~13

88.1K 3.2K 1.7K
                                    

13. Bölüm:

Karan öptüğü dudaklarla karşısındaki kızdan önce kendi hislerini gözden geçirip, gözlerini yumdu. Karısının ilki olduğu kadar, kendisi için de öyleydi ve içinden bir yerde Mehin'i kabullenmesi için bir kıpırtı oluşmuştu.

Mehin ise ilk günlere göre oldukça farklı bir gün yaşarken, hem mutluluk hem de panikle tepki veremedi. Üstelik her an biri gelip de görecekmiş gibi hissediyordu. Ama umursamadı. Karan'ın kollarındayken, kendisini suçlu hissetmemeliydi. Sonuç da kabullenilmeye başlanması, onun için güzel bir gelişmeydi.

Üstelik Devin'i sevmediğini söylemişti az önce! Saçını okşamıştı... Hatta ve hatta öpmüştü değil mi? Onca sözleri söyledikten sonra bir an da ne olmuştu da fikri değişmişti bu adamın? Hadi dün gece fotoğrafı yırtmıştı ama bu kadarını beklemiyordu. Üstelik utanmıştı da... Yanakları alev alev olmuştu ve kapattığı gözlerini korkudan aralayamıyordu.
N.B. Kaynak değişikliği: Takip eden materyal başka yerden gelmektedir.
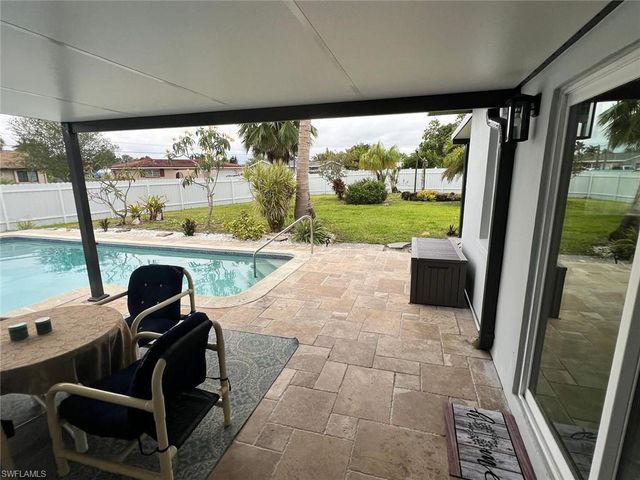 1118 Pine Island LN, Cape Coral, FL 33909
"Yeterli olmuştur sanırım."

Duyduğu fısıltıyla bir süre bekleyip her şeyi farkına varırken, elini yumruk yapıp sakince nefes alıp verdi. Kocası az önce sevgiyle değil, kendini bu şekil de affedeceğini düşündüğü için mi öpmüştü? Oysaki Mehin ister istemez bu sefer daha çok kırıldı. 2 gündür kendisine alayla dokunuyordu kocası. Halbuki istediği kesinlikle bu değildi. Az önce başka bir kadını sevmediğini söyleyen adama nasıl inanacaktı ki bu şekilde.

Gözleri dolmasın diye bir süre bekledikten sonra hemen kendini toparlayıp kocasının kollarından sıyrıldı ve ayağa kalktı.

"Ben... Üşüdüm. İçeri geçsem iyi olacak.".

Karan, yüzüne bile bakmayan karısıyla afallayıp, sinirlenirken bunu utandığına yordu. Şimdi kolundan tutup yanında geri oturtabilirdi ama yapmamayı seçti. Sonrasında belki gerçekten karısından etkilendiğini düşündürebilirdi ve bunu asla istemiyordu. Ailesinin kendisini zorlaması inadına, egosuna ve kibirine yediremiyordu.

...

Mehin olanların ardından direk odasına çekilip yaşananları hazmederken, kayınvalidesine de başının ağrıdığını söylemişti.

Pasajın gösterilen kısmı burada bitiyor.